From Auto- tune to Auto- compose

Can composers see themselves outdone by data scientists and computer programmers?

The sound of music

In a September 2018 paper, Japanese data scientists Eita Nakamura and Kunihiko Kaneko at Kyoyo University and the University of Tokyo respectively found that western classical music over the past several centuries has followed laws of evolution. This large- scale study has implications for the understanding of other cultural phenomena such as the evolution of language, fashion, and science. Evolution is an algorithmic process applied to populations in which certain traits are passed on to the next generation and others are culled.

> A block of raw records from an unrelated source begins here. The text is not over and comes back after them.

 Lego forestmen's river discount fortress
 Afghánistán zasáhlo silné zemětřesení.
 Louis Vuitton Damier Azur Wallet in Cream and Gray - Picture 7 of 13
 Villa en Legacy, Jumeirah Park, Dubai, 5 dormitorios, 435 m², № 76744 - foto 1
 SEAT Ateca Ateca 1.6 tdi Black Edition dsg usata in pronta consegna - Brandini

In music, as in art in general, this involves passing on past traditions while incorporating new features. Indeed, algorithmic music composition has a long standing history as in Chinese windchimes, Greek wind- powered Aeolian harps of the Japanese suikinkutsu. Iannis Xenakis used Markov chains – which use existing fragments of music in equal probability- for his 1958 compositions, Analogique.

I see in Magenta

Google Magenta’s NSynth takes this a step further and uses deep learning to aid music makers in their composition. NSynth specifically aims to use deep learning and deep neural networks to provide artists with a vast array of instrument sounds (according to instrument class, genre and complexity). Your odd musician could then answer a question such as “What do you get when you cross a piano with a flute?” Being able to do so pushes the evolution of music further and provide artists with a wide range of tools through which they expand existing global discography. Algorithmic composition has also been shown to be helpful in addressing composer’s block; arguably every artist’s worst nightmare.

The main challenge that the team at Magenta face is the fact that available data-sets are small, biased and not freely available largely due to copyright restrictions. To solve this in the short term, the team is building on the Free Music Archive (FMA), a web based repository and use the existing AudioSet concept ontology to classify specific sounds. This ontology (or knowledge management structure) is originally motivated by a lack of large- scale annotated audio- data for scientific research purposes and is derived from YouTube videos, with the goal of providing a testbed for identifying acoustic events. Lastly, the team has also conducted crowd- sourced annotation using the CrowdFlower platform in correcting and verify the labels of clips identified as likely positives. The use of control examples at this stage is especially important in weeding out contributors whose accuracy drops before a certain threshold. Should they consistently answer obvious questions wrongly (such as labelling a piano sample as a trumpet), they are not eligible to take part in the exercise.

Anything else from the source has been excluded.